EDITORIAL:
New York Times
It is painful and puzzling to look back to that day, to the chasm after the second tower fell, when we knew nothing except that fires were burning, an untold number of lives had been lost, and Lower Manhattan was gasping in a cloud of what looked like Pompeian ash. That morning’s terrible events marked a border between one realm and another, a boundary none of us would ever wish to have crossed. Everything had changed — that was how it seemed.
We tried, almost immediately, to understand how the morning of 9/11 would change our future. A decade later, we’re still trying to understand, looking back and looking ahead. It is not enough simply to remember and grieve.

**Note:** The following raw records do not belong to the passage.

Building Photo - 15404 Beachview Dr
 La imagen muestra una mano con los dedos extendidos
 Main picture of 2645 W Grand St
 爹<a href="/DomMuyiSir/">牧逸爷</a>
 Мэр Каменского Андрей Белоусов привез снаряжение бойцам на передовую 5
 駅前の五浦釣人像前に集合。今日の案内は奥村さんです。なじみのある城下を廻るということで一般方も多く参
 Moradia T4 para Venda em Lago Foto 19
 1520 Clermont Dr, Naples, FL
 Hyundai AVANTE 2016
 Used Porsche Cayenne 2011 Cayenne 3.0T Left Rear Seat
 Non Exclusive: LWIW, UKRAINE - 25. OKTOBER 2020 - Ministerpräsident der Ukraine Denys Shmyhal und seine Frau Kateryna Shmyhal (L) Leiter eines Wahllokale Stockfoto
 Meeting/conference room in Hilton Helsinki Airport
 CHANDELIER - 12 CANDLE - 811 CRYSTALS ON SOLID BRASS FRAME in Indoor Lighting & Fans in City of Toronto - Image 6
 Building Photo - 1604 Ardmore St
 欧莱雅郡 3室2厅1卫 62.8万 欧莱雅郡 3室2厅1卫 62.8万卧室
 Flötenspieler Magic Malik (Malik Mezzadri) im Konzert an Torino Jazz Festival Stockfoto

At first, there was only shock, grief and fear. But by the next evening there was something surprising in the air. Do you remember? It was an enormous, heartfelt desire to be changed. People wanted to be enlarged, to be called on to do more for country and community than ordinary life usually requires, to make this senseless horror count for something. It was also a public desire, a wish to be absorbed in some greater good, a reimagining of the possibilities in our national life. There was courage and unity on the streets of the city and all across the country, for we were all witnesses of that turning point.
But America has not been enlarged in the years that have passed. Based on false pretexts, we were drawn into a misdirected war that has exacted enormous costs in lives and money. Our civic life is tainted by a rise in xenophobia that betrays our best ideals. As we prepared for a war on terrorism, we gave in to a weakening of the civil liberties that have been the foundation of our culture.
It seemed, in the days after 9/11, as though we stood at the juncture of many possible futures. There was as much hope as grief, as much love as anger, and a powerful sense of resilience. We still stand at the juncture of many possible futures. They are occasioned not by what terrorists in four airliners did to us, but by what we have done in the decade since. As a nation, we have done a better job of living with our fears, sadly, than nurturing the expansive spirit of community that arose in those early days.
We are still learning about the events of 9/11, and in truth, 10 years is a short window to assess the consequences of those attacks. Perhaps in time we will realize that the full meaning of what happened on 9/11 resides in the surge of compassion and hope that accompanied the shock and mourning of that September day.